El primer concienciado por aquel estudio fue el propio Doll, que dejó de fumar inmediatamente, pero tendrían que pasar casi cuarenta años para que el mundo se tomase en serio la advertencia.
No fue, de hecho, hasta los años 90 que los medios de comunicación difundieron una serie de estudios absolutamente concluyentes que relacionaban tabaquismo y cáncer. La evidencia no podía maquillarse más tiempo: el tabaco provocaba, entre otras enfermedades, bronquitis, enfisema, y varios tipos de cáncer. Aquello era un auténtico veneno.

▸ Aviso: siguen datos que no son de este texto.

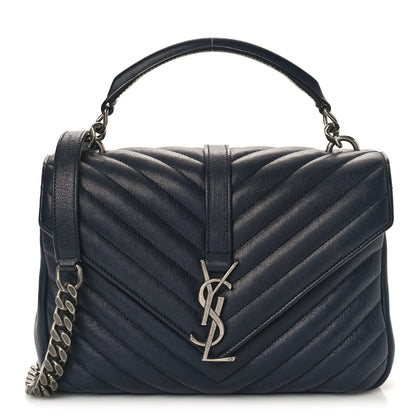 Saint Laurent Sheepskin Matelasse Chevron Monogram Medium College Bag Deep Marine 2 of 10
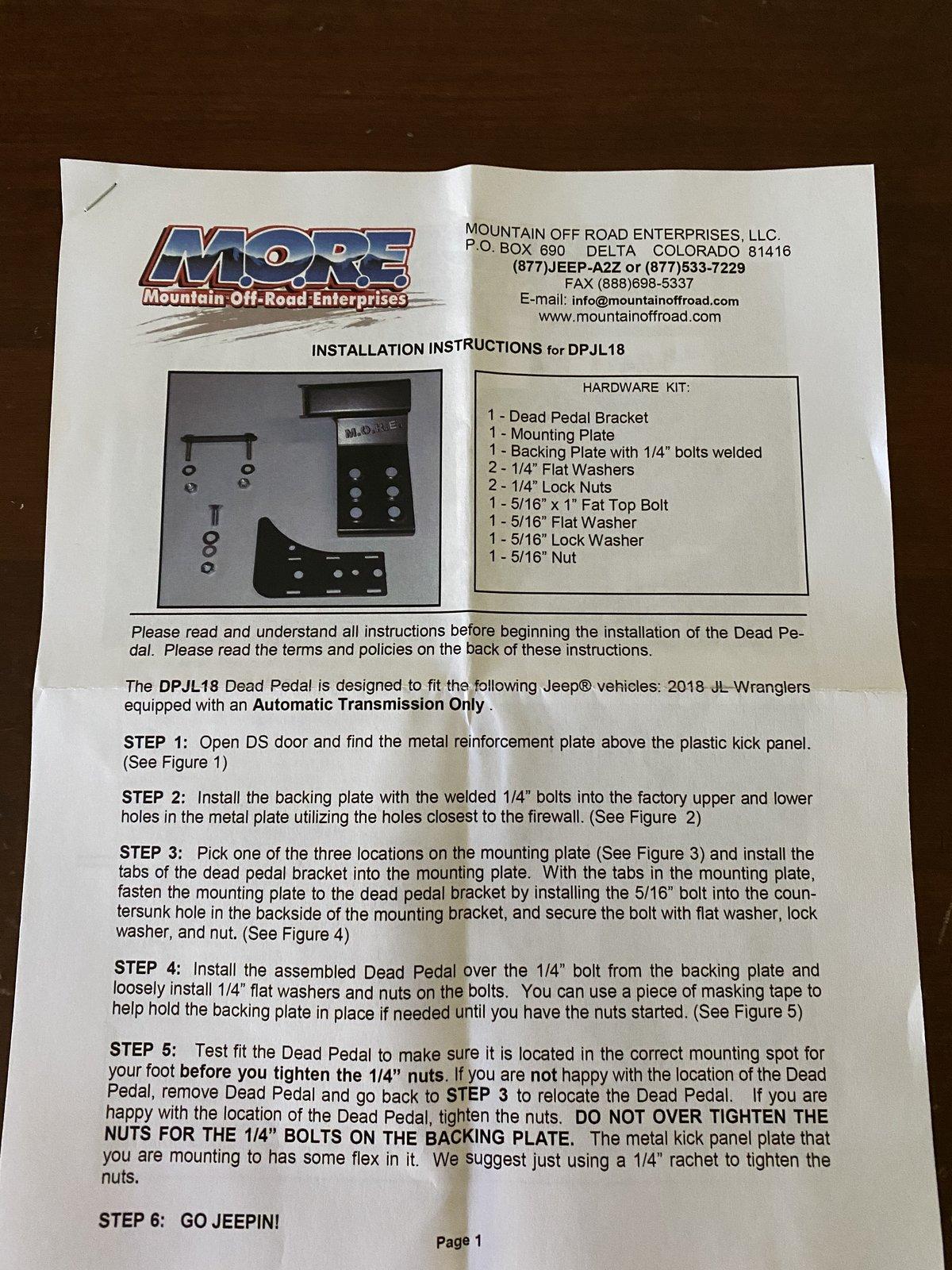 Jeep Wrangler JL M.O.R.E. Dead Pedal install tip 492177DB-092D-4839-9DF5-652F9A99202A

En 2003, la Organización Mundial de la Salud firmó el Convenio Marco para el Control del Tabaco, que buscaba reducir progresivamente su consumo. Como consecuencia, la gran mayoría de los países desarrollados prohibieron fumar en espacios cerrados, zonas infantiles y transportes públicos. La publicidad del tabaco fue prácticamente prohibida y se pusieron en marcha campañas de sensibilización de todo tipo.
La industria de la nicotina, acorralada en todos los frentes, parecía inevitablemente condenada a la desaparición. Era solo una cuestión de tiempo. Pero entonces apareció el cigarrillo electrónico.
Este artilugio, basado en la inhalación de vapor con o sin nicotina, se empezó a comercializar tímidamente como un sustituto del cigarrillo tradicional. Hoy su éxito es notable en todo el mundo, lo que ha provocado que las principales organizaciones de salud pública se hayan visto obligadas a tomar cartas en el asunto.
A la espera de estudios concluyentes sobre la presunta inocuidad del cigarrillo electrónico, la OMS quiere que sea regulado como el tradicional. Y quiere lograrlo antes de que las grandes empresas tabaqueras inviertan de verdad en el negocio y una pequeña lucha se convierta en otra gran guerra.
La historia del tabaco, por supuesto, está lejos de acabar. En los próximos años y quizá décadas veremos nuevos e inesperados giros de trama. Nuevos dispositivos, nuevos estudios y nuevas campañas de prestigio y desprestigio. Al fin y al cabo, quinientos años de humo no se eliminan de un solo soplido. El fuego, sin embargo, parece controlado.